Data extract ->
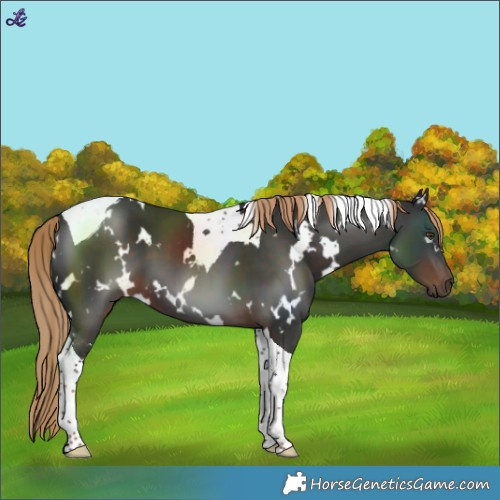 Horse Color:White Spotted Liver Chestnut Tobiano 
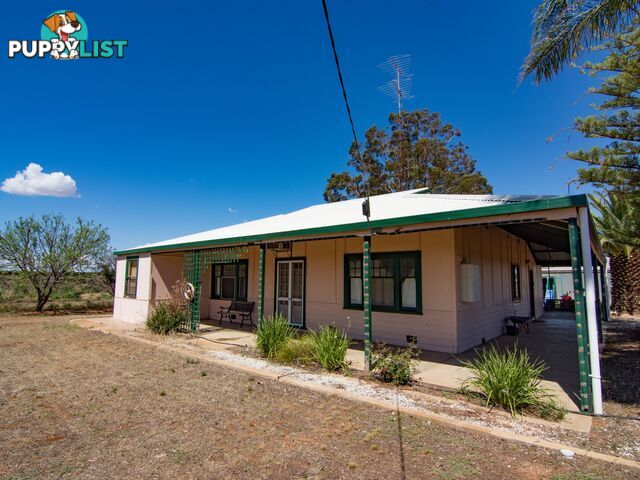 302 Gilmour Road BARMERA SA 5345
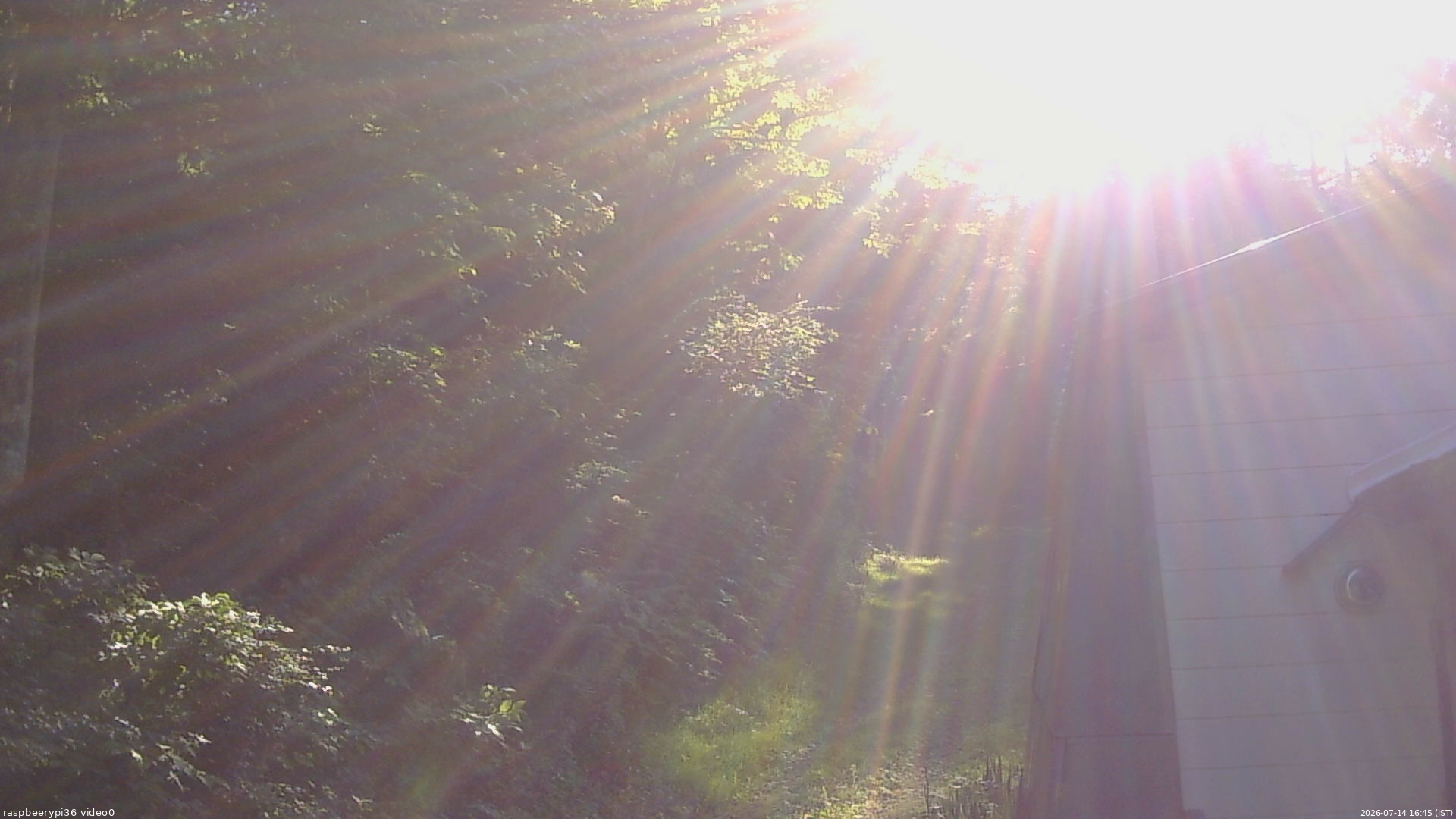 長野県菅平高原 ゆたか山荘 ゆたか山荘 2026/07/14 16:45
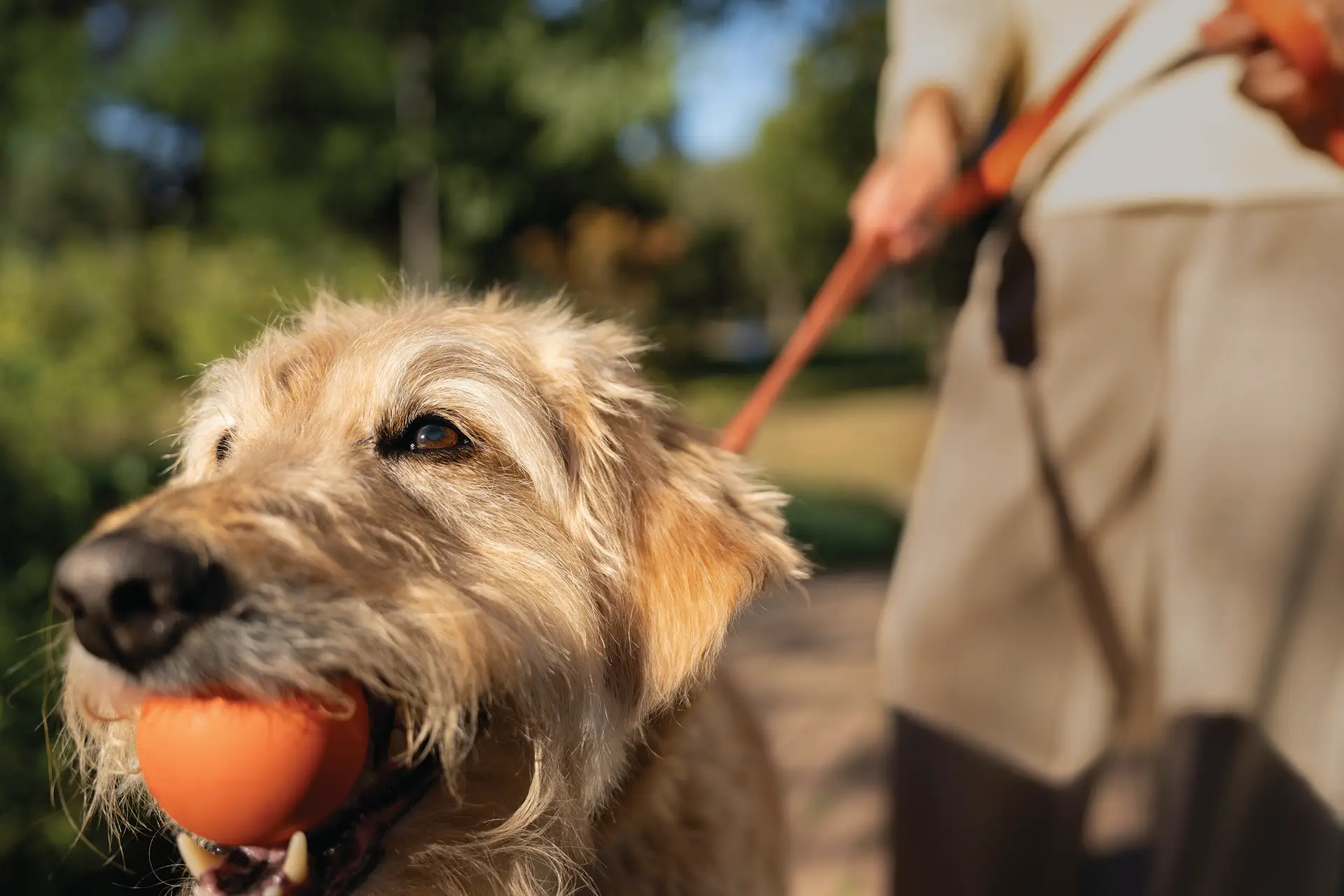New Year, New Goals for People and Pets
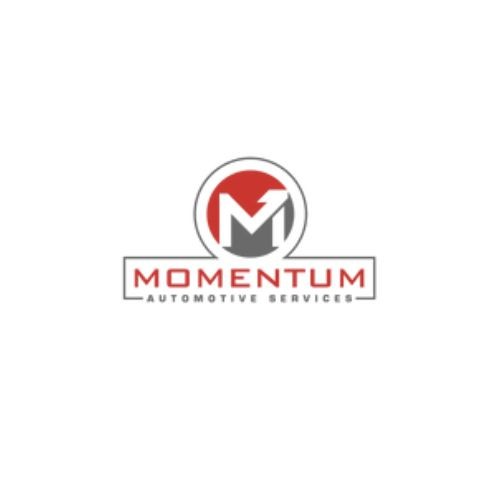 Momentum ddm Profile Picture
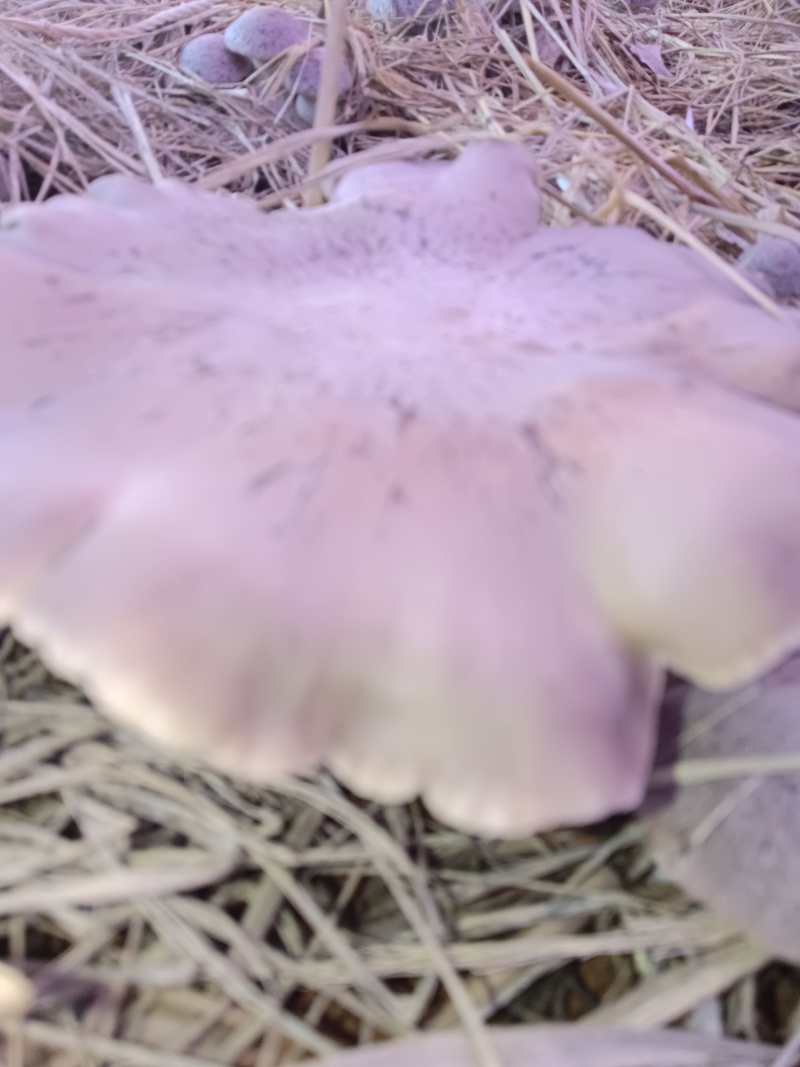 仿野生麒麟菇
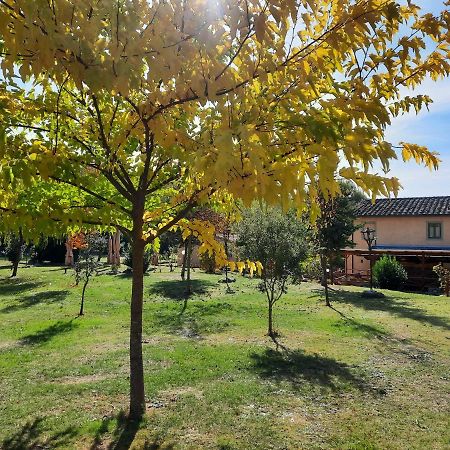 Sassomatto B&B Bioagriturelax Campogialli Экстерьер фото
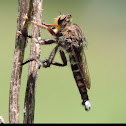 Robber Fly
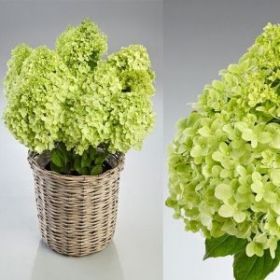 Гортензия метельчатая PANDORA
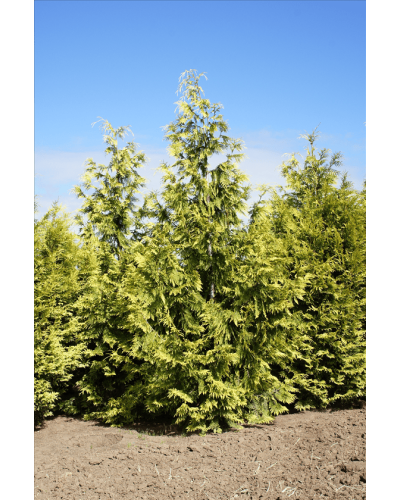 Туя складчаста Зебріна | Туя складчатая Зебрина | Thuja plicata Zebrina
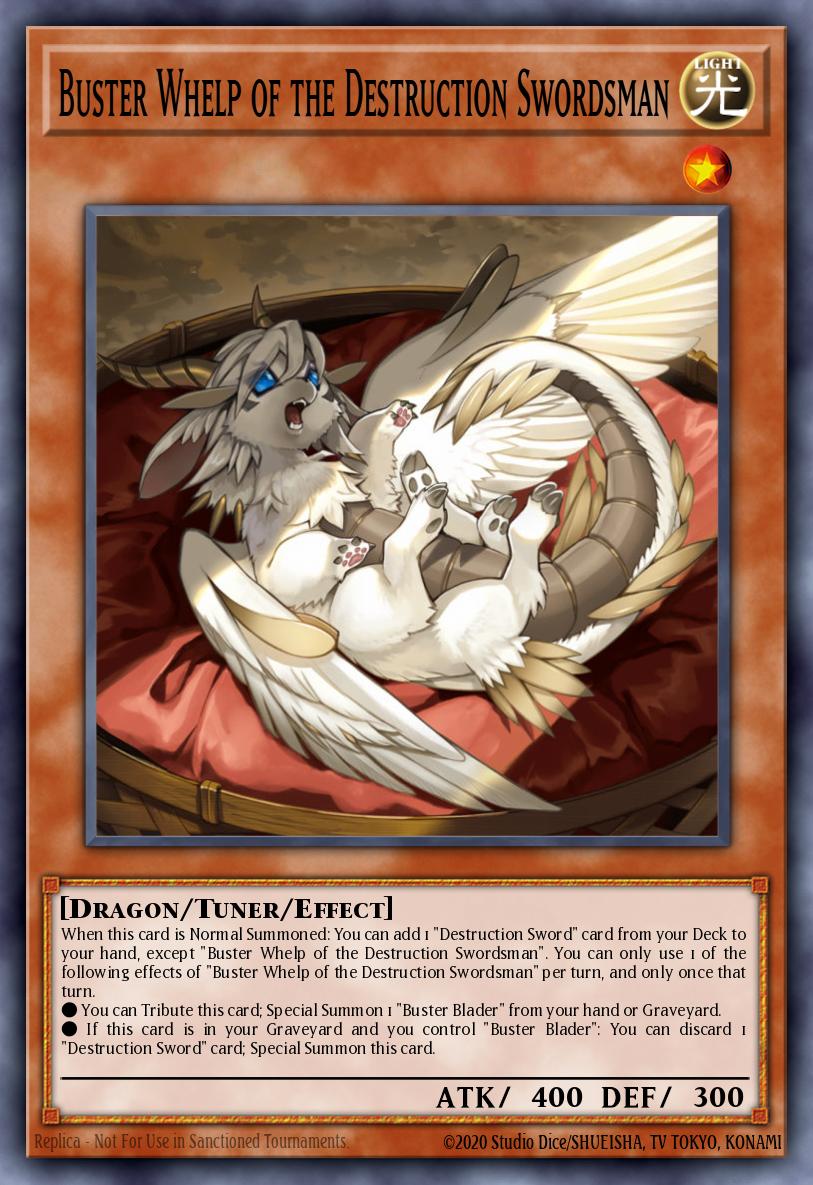 Buster Whelp of the Destruction Swordsman card image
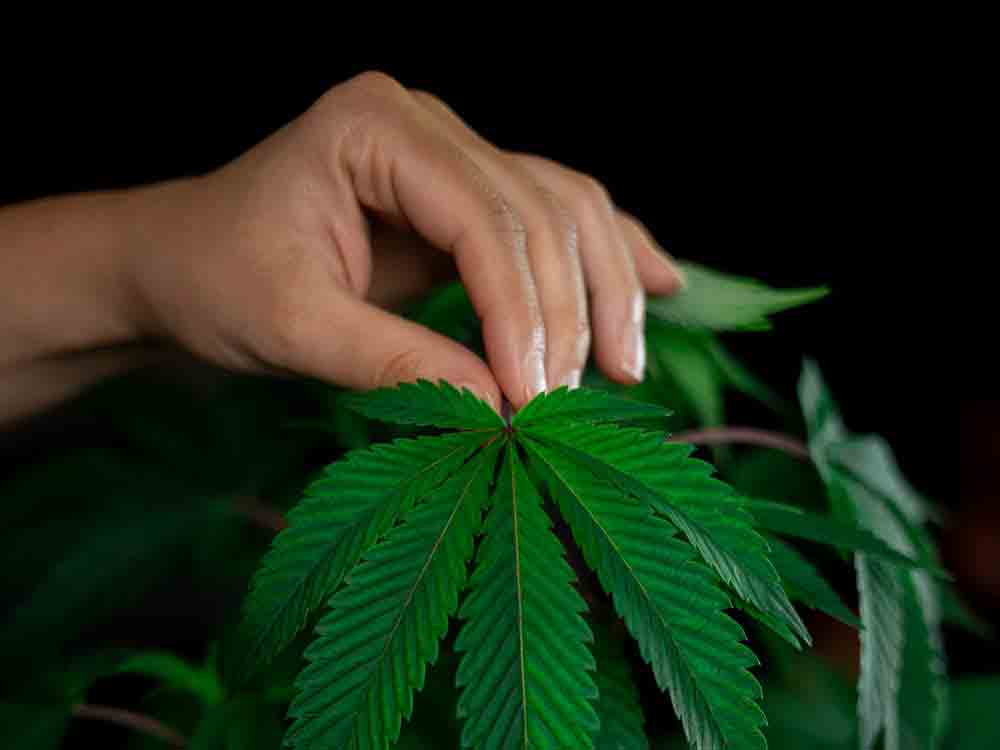 Cannabis und CBD, was ist erlaubt und wie unterscheidet sich die Wirkung?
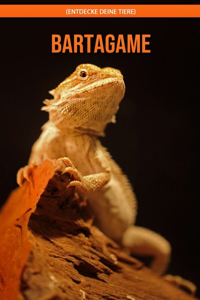 Bartagame! (Entdecke deine Tiere)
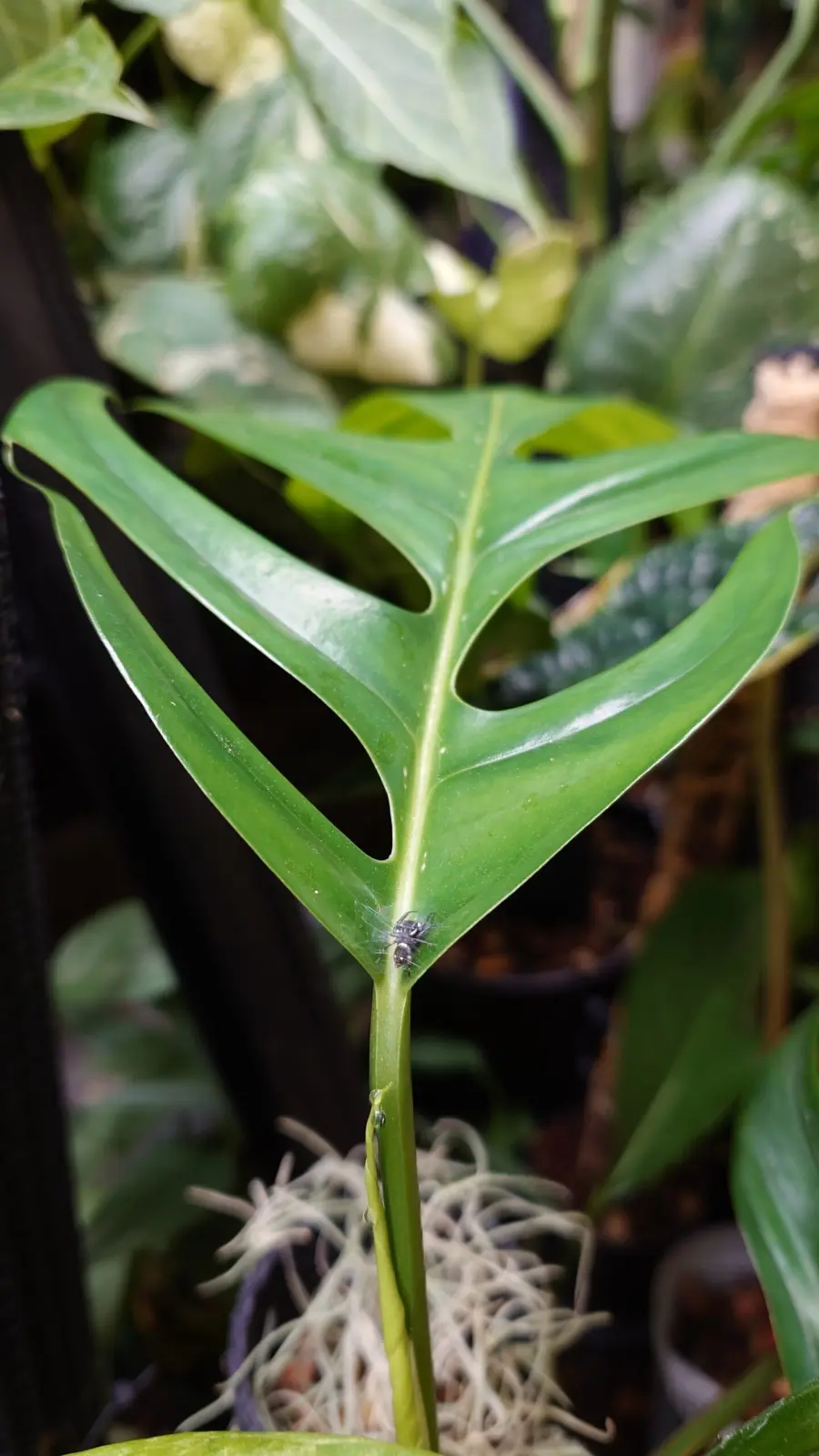 エピプレムナム　ピナツム　オトモダチ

Exercise instructions -> All lines from the one with "Cannabis und CBD, was" through the end of the records above must be reproduced exactly, both ends included, and the pictures must be left out.

The answer ->
 Cannabis und CBD, was ist erlaubt und wie unterscheidet sich die Wirkung?
 Bartagame! (Entdecke deine Tiere)
 エピプレムナム　ピナツム　オトモダチ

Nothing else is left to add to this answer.